(13 years, 11 months ago)
Lords ChamberTechnically, perhaps the county of Durham is no longer a county council as such; I do not know. It seems to me all the more important that there should be recognition in the Bill of the important contemporary reality of unitary authorities.
Among his observations in debate on a previous amendment, the noble Lord noted that parliamentary constituency boundaries crossed the boundaries of a significant proportion of unitary authorities. That is not a good reason to surrender those unitary authorities, assuming that there will be no concern among the people who live within them that their integrity should be preserved when drawing parliamentary constituency boundaries—and, very importantly, the working relationship between Members of Parliament and the local authorities governing the areas, the communities, which they represent. It must be desirable that Members of Parliament deal with the smallest possible number of local authorities. The complexity, the multiplication of tasks, the time-wasting and the cost involved in Members of Parliament having to deal with a proliferation of different local authorities overlapping with their constituencies is clearly undesirable. I hope that the Government will accept that the Bill should be amended on the lines of my amendments.
I say just a word on the question of wards as building blocks. If it has to be accepted that, with the tight tolerance around the electoral quota, it will be more commonly the case than it has been hitherto that individual wards will be bisected in the drawing up of constituencies, some administrative questions follow. What is to be the subdivision of wards that the Boundary Commission will need to take account of? If it is to be polling districts, how can we be sure that local authorities will not redefine polling districts so as to frustrate the purposes of the Boundary Commission?
Those administrative processes ought to be sensibly related to each other. If we are to see the fragmentation of wards, we need some sub-unit which the Boundary Commission will respect. If it is to be the polling district within the ward—which it could be—we need a guarantee that the polling districts will not be arbitrarily chopped and changed. I beg to move.
I suspect that at this stage in the proceedings and at this time of night, there is not a great appetite in the House for a long speech. I want to speak briefly to my amendment, Amendment 22, which is grouped and is about wards.
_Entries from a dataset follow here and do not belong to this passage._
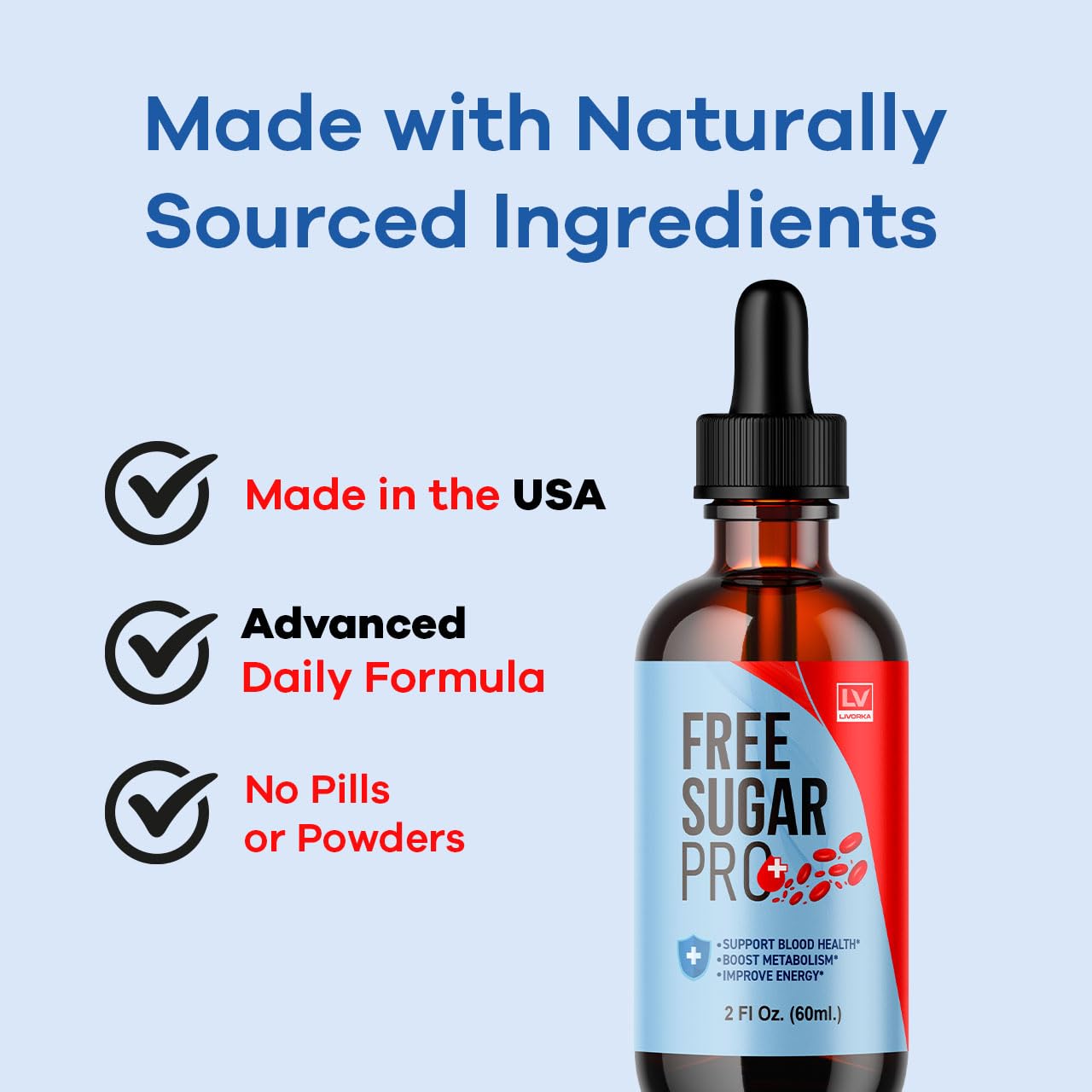 Livorka Free Sugar Pro Drops bottle on table during routine.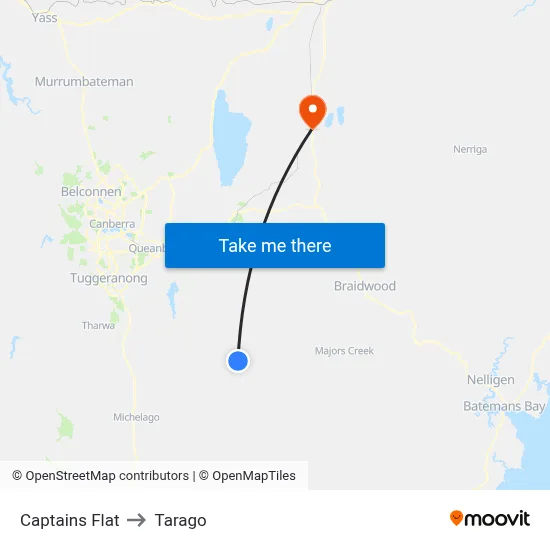 Captains Flat to Tarago map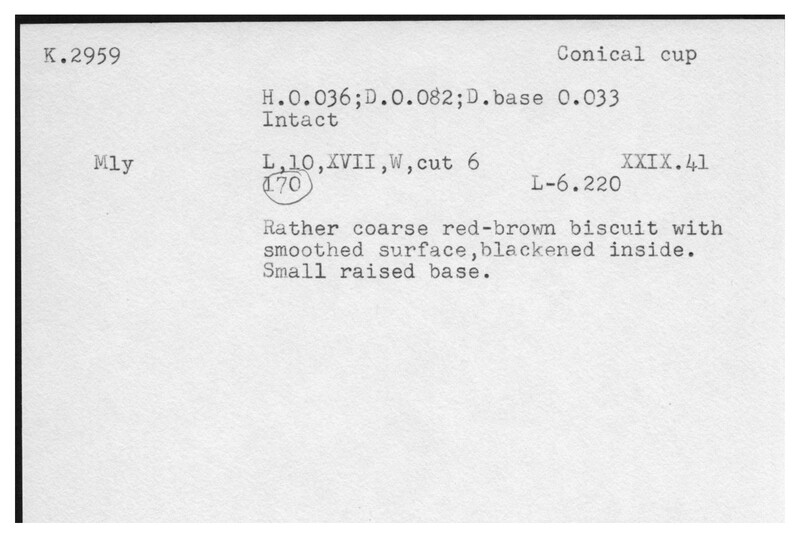 Index card with typed and handwritten information, sometimes including a sketch, of pottery from an excavation.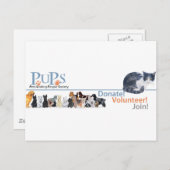 PUP's Logo Merchandise met Tuxedo Cat Briefkaart (Voorkant / Achterkant)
It would be churlish not to start off by saying that I recognise—and am grateful and appreciative—that the Government have moved some way in our direction. The Minister will recall that I pressed him on the matter of wards at some length in Committee. After quite a long discussion, he ended up by saying that there may be,
“some merit in placing discretionary consideration”—[Official Report; 24/1/11; 713.]—
of wards in the Bill. I place on record that I recognise that the noble and learned Lord has done what he promised to do and has tabled an amendment, which he has not yet had a chance to move, Amendment 27A, which puts wards in the same category as other local authority boundaries for the purposes of the Bill.
Your Lordships may say: why are you rising at all to speak to the amendment? The reason is that there is a significant difference between what the Government propose—I recognise that they have taken steps in the right direction—and what I propose. The essential phrase in Clause 5, which all of us will remember, is that the Boundary Commission “may, if it sees fit” take into account local government boundaries. Wards are now included for the first time as a local government boundary.
“May, if it sees fit,” is a very weak indication or encouragement to the Boundary Commission to take ward boundaries seriously.
I have a greater degree of optimism in practice, because I have a great respect for the Boundary Commission and it is as familiar as we are with the strong arguments for respecting wards made very well by my noble friend Lord Bach. They are that wards are the building blocks of both local government and the major political parties in this country. To break them up or cut across them would be an attack on democracy at the grassroots. I am quite sure that neither the Tory party nor the Liberal Democrat party really want to do that. However, there is considerable merit in having a stronger formulation as in my amendment:
“Except in circumstances they judge to be exceptional, a Boundary Commission may not allow a ward to form part of more than one constituency”.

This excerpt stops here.